▶ **Work instruction**
Copy every record exactly, leaving the pictures out.

========

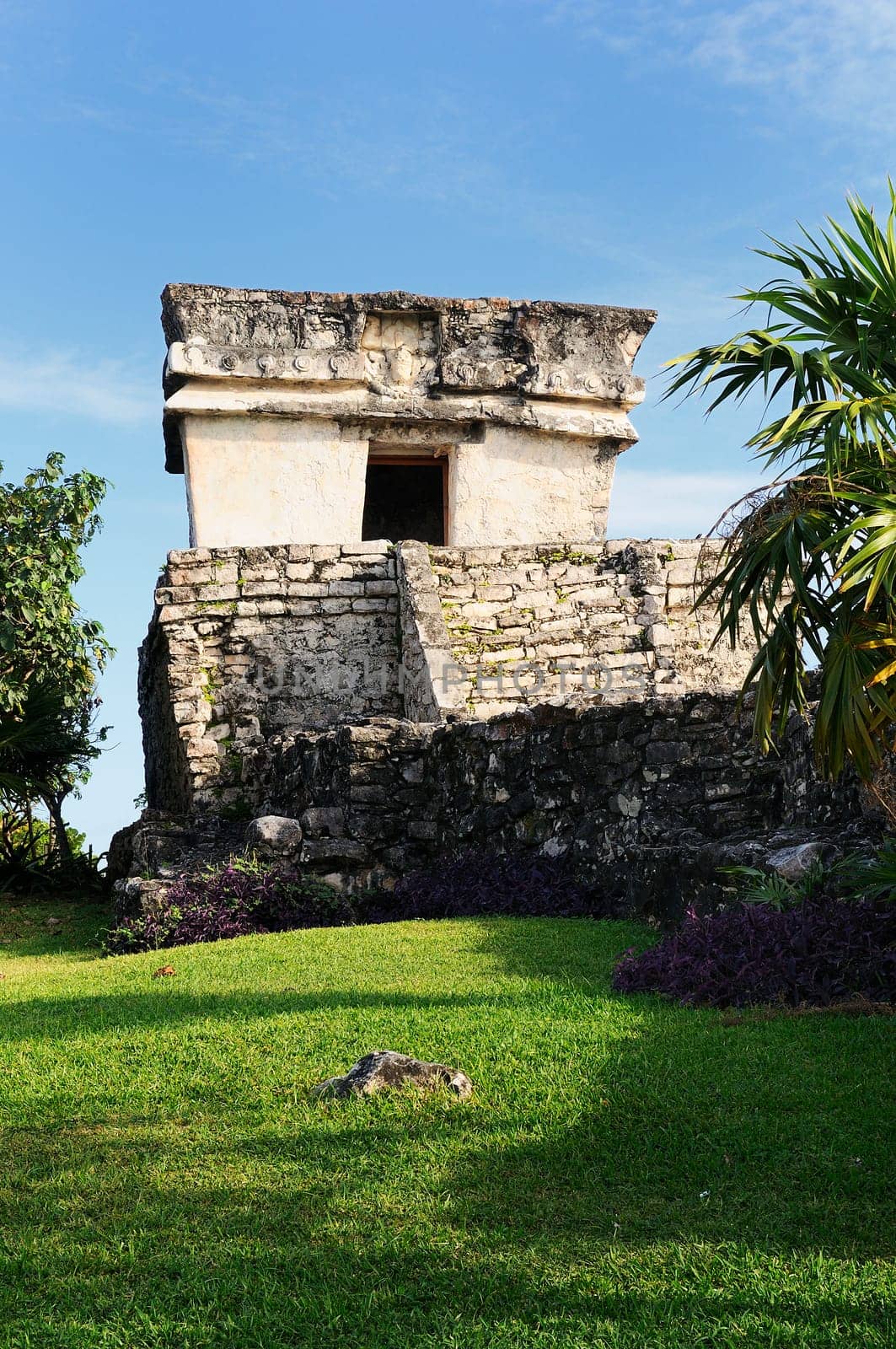 Photo of the Mayan ruins in Tulum Mexico.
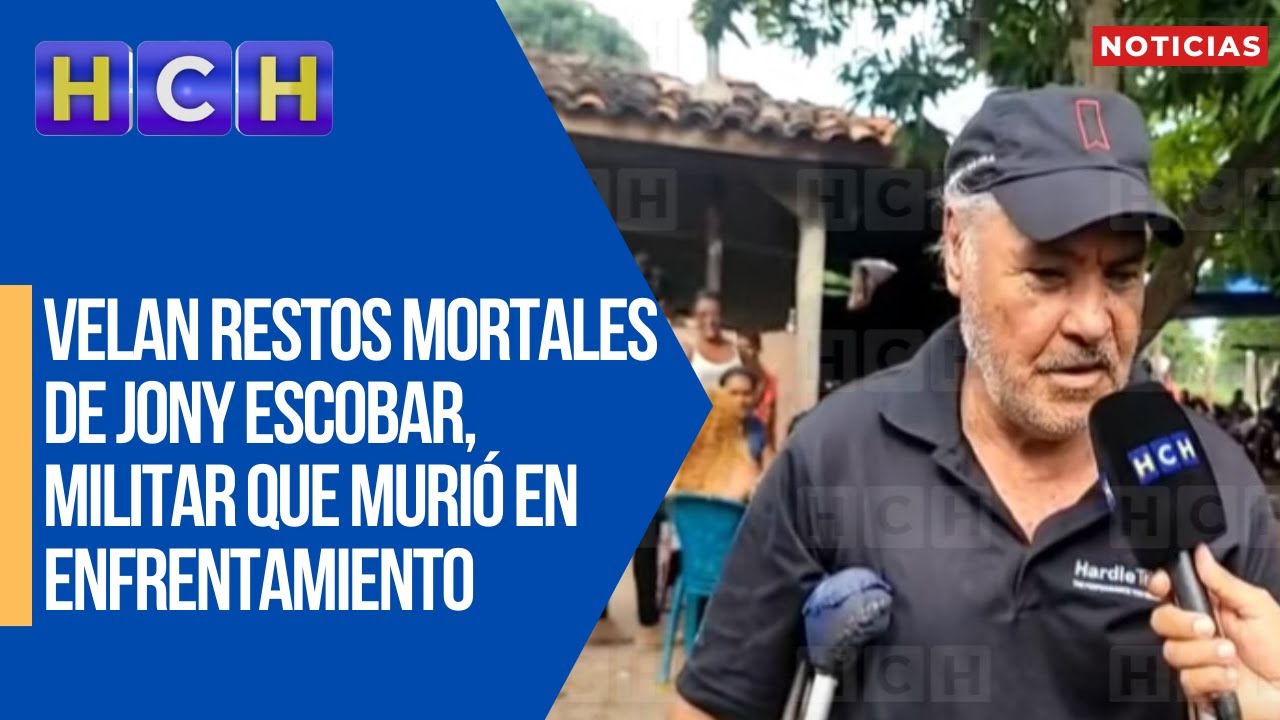 Velan restos mortales de Jony Escobar, Militar que murió en enfrentamiento en Yoro
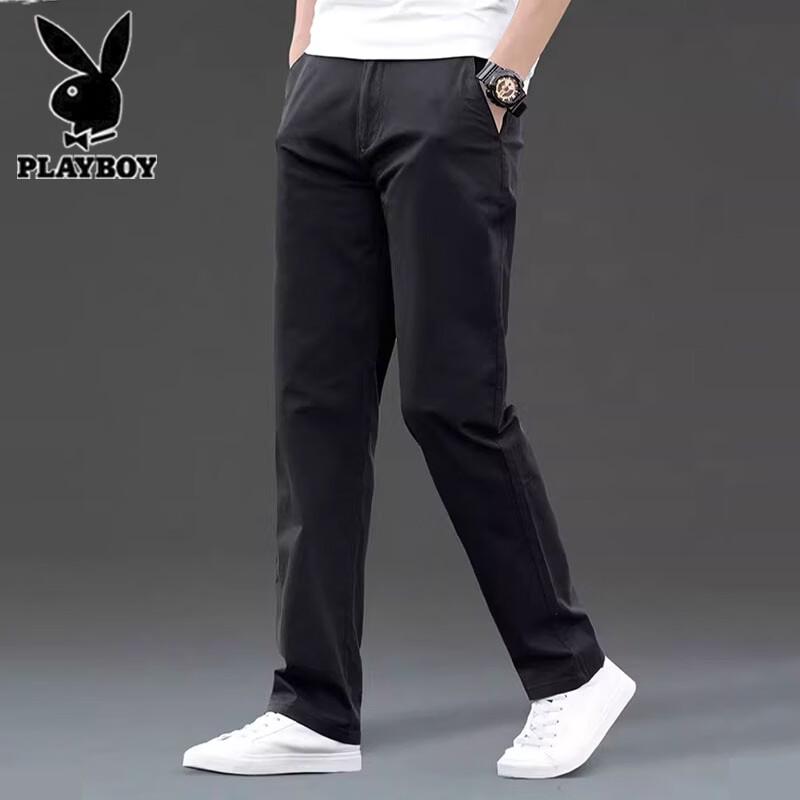Playboy Men s Summer Straight Leg Casual Pants 29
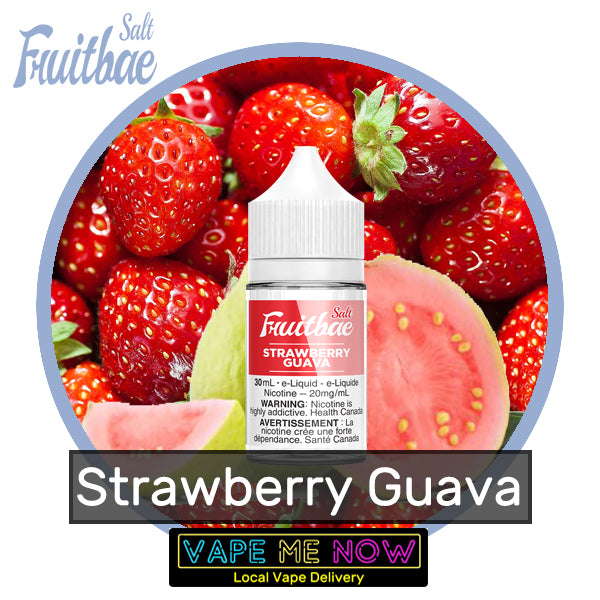 Fruitbae Salt Strawberry Guava flavor bottle of juice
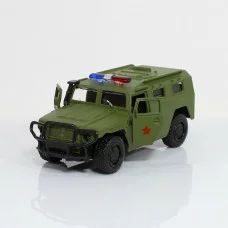 Машинка внедорожник "Полиция" 1:43 инерционная в коробке 6408B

========

▶ **Answer to this task**
 Photo of the Mayan ruins in Tulum Mexico.
 Velan restos mortales de Jony Escobar, Militar que murió en enfrentamiento en Yoro
Playboy Men s Summer Straight Leg Casual Pants 29
 Fruitbae Salt Strawberry Guava flavor bottle of juice
 Машинка внедорожник "Полиция" 1:43 инерционная в коробке 6408B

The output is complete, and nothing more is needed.